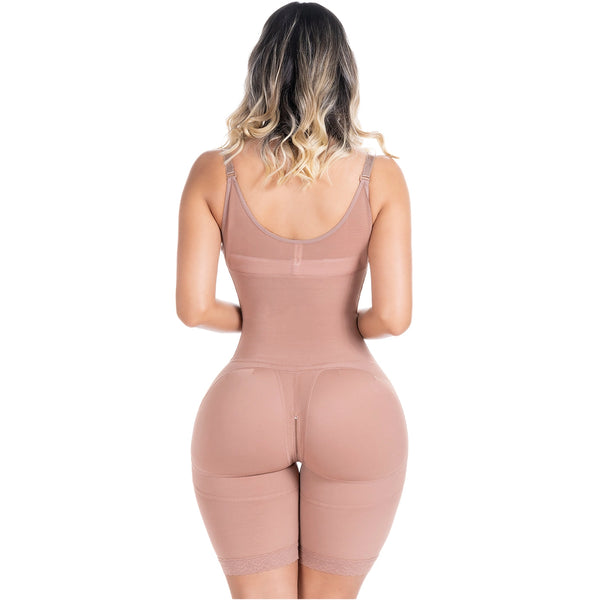 SONRYSE 048BF | Fajas Colombianas Post Surgery Open Bust Shapewear Compression Garment | Postpartum Mid Thigh Girdle | Powernet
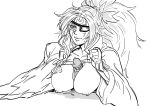  1boy 1girl baiken bb_(baalbuddy) breasts closed_mouth eyepatch facial_mark forehead_mark greyscale guilty_gear guilty_gear_xrd highres large_breasts long_hair long_sleeves monochrome nipples one_eye_covered paizuri penis ponytail precum simple_background smile smug solo_focus tassel uncensored white_background wide_sleeves 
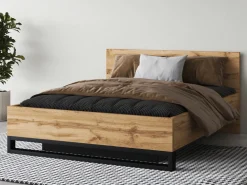 Łóżka Młodzieżowe|Łóżka Z Zagłówkiem></noscript>Helvetia Dwuosobowe łóżko drewniane ze stelażem do sypialni 140x200 cm HALLE S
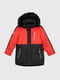 Червоно-чорна куртка з капюшоном з хутряним оздобленням | 6748804 | фото 7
• • • • •
• _Task_
The listing above needs to be output again exactly. Don't include the pictures.

• _Your solution_
 SONRYSE 048BF | Fajas Colombianas Post Surgery Open Bust Shapewear Compression Garment | Postpartum Mid Thigh Girdle | Powernet
  1boy 1girl baiken bb_(baalbuddy) breasts closed_mouth eyepatch facial_mark forehead_mark greyscale guilty_gear guilty_gear_xrd highres large_breasts long_hair long_sleeves monochrome nipples one_eye_covered paizuri penis ponytail precum simple_background smile smug solo_focus tassel uncensored white_background wide_sleeves 
 Łóżka Młodzieżowe|Łóżka Z Zagłówkiem></noscript>Helvetia Dwuosobowe łóżko drewniane ze stelażem do sypialni 140x200 cm HALLE S
 Червоно-чорна куртка з капюшоном з хутряним оздобленням | 6748804 | фото 7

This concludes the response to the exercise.